I also don't see any treatment of statistical probability testing with regression. Scientific researchers commonly test the statistical significance of the observed regression and place considerable emphasis on p values associated with r-squared and the coefficients of the equation. It would be nice to see a practical discussion of how one does this and how to interpret the results of such an analysis. --anon

I will add it in. Please feel free to improve on it. Oleg Alexandrov 16:46, 6 August 2005 (UTC)

[edit] Use of Terms Independent and Dependent

I changed the terms independent / dependent variable to explanatory / response variable. This was to make the article more in line with the terminology used by the majority of statistics textbooks, and because independent / dependent variables are not statistically independent. Predictor / response might be ideal terminology, I'll see what textbooks are using.--Theblackgecko 23:06, 11 April 2006 (UTC)

The terms independent and dependent are actually more precise in describing linear regression as such - terms like predictor/response or explanatory/response are related to the application of regression to different problems. Try checking a non-applied stats book.
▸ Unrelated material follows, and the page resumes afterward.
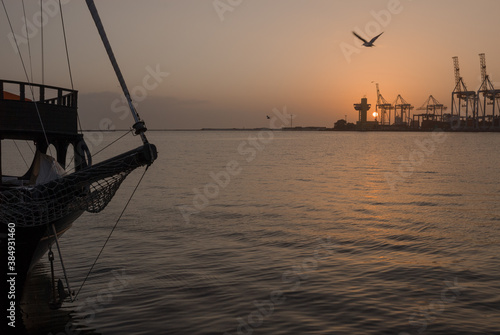 Fototapeta Naklejka Na Ścianę i Meble -  Sunrise in Odessa City Port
Scientists tend to speak of independent/dependent variables, but statistics texts (such as mine) prefer explanatory/response. (These two pairs are not strictly interchangeable, in any event, though usually they are.) Here is a table a professor wrote up for the terms: http://www.tufts.edu/~gdallal/slr.htm.

[edit] Merge?

At a broad and simplistic level, we can say that Linear Regression is generally used to estimate or project, often from a sample to a population. It is an estimating technique. Multiple Regression is often used as a measure of the proportion of variability explained by the Linear Regression.

Multiple Regression can be used in an entirely different scenario. For example when the data collected is a census rather than a sample, and Linear Regression is not necessary for estimating. In this case, Multiple Regression can be used to develop a measure of the proportionate contribution of independent variables.

Consequently, I would propose that merging Multiple Regression into the discussion of Linear Regression would bury it in an inappropriate and in the case of the example given, an relatively unrelated topic.

--69.119.103.162 20:42, 5 August 2006 (UTC)A. McCready Aug. 5, 2006

Multiple regression (or more accurately, multiple linear regression), is just the general case of linear regression. Most of the article deals with simple linear regression, which is a special case of linear regression. I think the section on multiple regression in this article suffices. I'm going to go ahead and merge the two. --JRavn ^talk 13:54, 31 August 2006 (UTC)

As the discussion on merging Trend line into this article did not go anywhere, I propose we delete the warning template from both pages. Classical geographer 16:50, 19 February 2007 (UTC)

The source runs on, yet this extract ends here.